For humans, no. After ~10sec you’re falling at terminal velocity, which is generally 2-300km/h, and your odds of survival are extraordinarily close to zero.

This lady had a double malfunction, where there were issues with both main and reserve parachutes, but per a police report (1), she was descending at 60km/h, so she must have had at least some parachute material out and slowing her fall.

She’s very lucky, despite what’s likely to be a shitty next couple of years of rehab, but this isn’t a “fell from an airplane without a parachute and survived” miracle.

(1) https://www.lenouvelliste.ca/actualites/une-parachutiste-gra...

3 comments

Right so 300kmph = 83.3 m/s which means every 83.3 metres (call it 100) buys you an additional second of thinking time and back of the envelope calculation (2km/minute) [0] suggests you can move up to 33 metres per second horizontally (feel like this is optimistic - I openly welcome corrections here...)

In any case a fun thought experiment

[0]https://www.quora.com/What-is-the-average-horizontal-distanc...

There’s a joke in skydiving: “What happens if your backup parachute fails? You aim for the car of the person who packed it”
"For humans, no. After ~10sec you’re falling at terminal velocity" That means that falling higher will not increase your already slim chances of survival, and might well increase them, if ever so slightly. No?
Hard to say definitively - double malfunctions are relatively rare, so the sample size isn’t enormous.

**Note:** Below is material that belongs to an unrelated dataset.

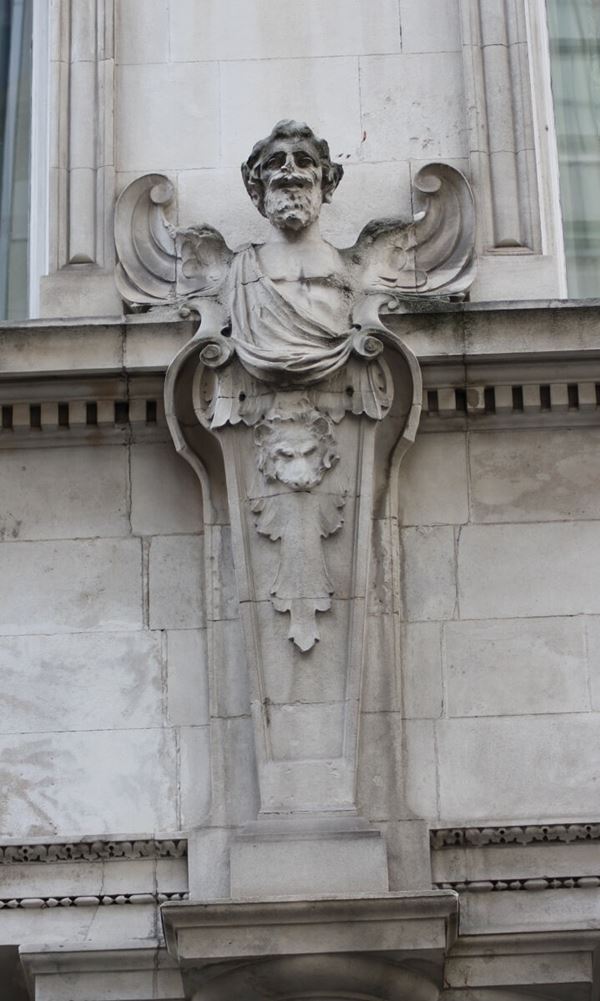 Photograph of a stone carved angel on the building exterior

More time can increase the likelihood that you can get some piece of parachute fabric above your head. And if you can do that, the odds go way up. There’s a saying I was taught on the first jump: “keep fighting until your goggles fill with blood.”

But if you cannot get a parachute out for some reason, a longer freefall will only give you more time to contemplate your fate.

I wonder if psychologically this ended up being a good thing. As in, physically the rehab might be bad but mentally.. it's bound to put things into perspective.